Dosing and duration. In terms of clinical efficacy, how much the electrical stimulus exceeds a patient’s seizure threshold— the minimum amount of electrical charge that induces a generalized CNS seizure10—is more important than the absolute intensity of the stimulus.1 The degree to which the stimulus should exceed the seizure threshold depends on electrode placement, which is described below.

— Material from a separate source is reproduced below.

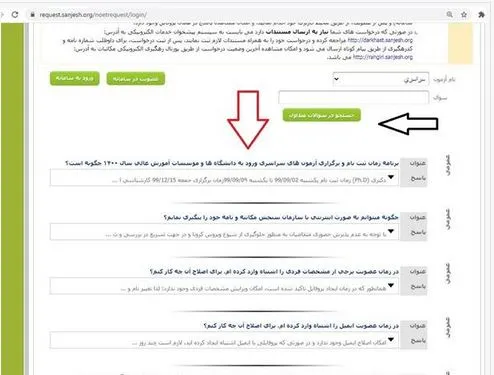 روش ثبت درخواست در سیستم پاسخگویی سازمان سنجش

Acute therapy patients typically receive 2 to 3 treatments each week,11,12 culminating in 12 to 18 treatments.8,12 The optimum number of sessions administered is determined by the ratio of clinical improvement to the severity of cognitive adverse effects.3

Electrode placement. Spatial targeting of stimulus is crucial to maximize therapeutic benefits and minimize side effects. Concerns about cognitive side effects have led to variations in electrode placement to minimize the amount of brain parenchyma affected by electrical discharge (Table).1,7,8 The most commonly used placements are:

  • bitemporal (BT)—electrodes are placed midline between the eye and ear on both sides of the head
  • right unilateral (RUL)—1 electrode is positioned just lateral to the vertex and the other at the right temple.7

When given in doses close to a patient’s seizure threshold, RUL ECT offers only modest effects, but at suprathreshold doses—eg, 6 times the seizure threshold—it is as effective as BT placement1 but avoids cognitive disruption.9 Patients who do not respond to several seizures with RUL placement often are switched to BT to enhance clinical response.8 In BT ECT, stimulus is administered at 1.5 times the patient’s threshold levels. Exceeding these values is unlikely to increase efficacy, but can contribute to adverse effects.1

Table

ECT electrodes: Bitemporal vs right unilateral placement

PlacementLocationComments
BTElectrodes are placed midline between the eye and ear on both sides of the headStimulus is administered at 1.5 times a patient’s seizure threshold. Often used for patients who do not respond to several seizures with RUL
RUL1 electrode positioned just lateral to the vertex and the other at the right templeWhen stimulus is administered in doses 6 times a patient’s seizure threshold, RUL is as effective as BT but avoids cognitive disruption. Offers only modest effects when stimulus is administered in doses close to a patient’s seizure threshold
BT: bitemporal; ECT: electroconvulsive therapy; RUL: right unilateral
Source: References 1,7,8
 

 

Addressing safety concerns

In addition to changes to waveforms, dosing, and electrode placement, using anesthesia, muscle relaxants, and other medications has dramatically reduced adverse effects of ECT.8,10,13 See the Box10,14,15 for the specific agents used and their purposes. Before these medications and electroencephalography and electrocardiography (ECG) monitoring were used during ECT, the mortality rate was approximately 0.1%.13 Today, ECT is considered a low-risk medical intervention, with a mortality rate of approximately 0.002%.1,16 Before beginning an acute course of ECT, patients undergo laboratory testing, including a complete blood count, basic metabolic panel, and ECG. Spinal radiography and neuroimaging studies can be obtained to rule out preexisting vertebral injuries or neurologic disorders.1,8

Hemodynamic changes in response to ECT-induced seizures can exacerbate preexisting cardiac conditions. Normal physiologic response to ECT consists of a brief parasympathetic outflow, inducing bradycardia for 10 to 15 seconds, followed by a prominent sympathetic response characterized by hypertension and tachycardia for approximately 5 minutes. Although these changes can induce myocardial ischemia or infarction,14 the most common cardiac disturbances caused by ECT are arrhythmias, primarily in patients with preexisting cardiac abnormalities.17

Memory impairment. The most prevalent adverse reaction to ECT is memory loss, although not all aspects of recall are impaired to the same degree.18 Memory impairment varies based on factors such as electrode placement,9 stimulus waveform,19 site of seizure initiation, and pattern of activation.20 The risk of experiencing memory loss or other cognitive side effects following ECT can be decreased by using RUL electrode placement, brief pulses, and lower stimulus charge relative to seizure threshold.21 Memory deficits incurred by ECT usually are transient. In a study of 21 patients who received BT ECT for severe MDD, Meeter et al22 found that memory was stable and possibly improved at 3-month follow-up.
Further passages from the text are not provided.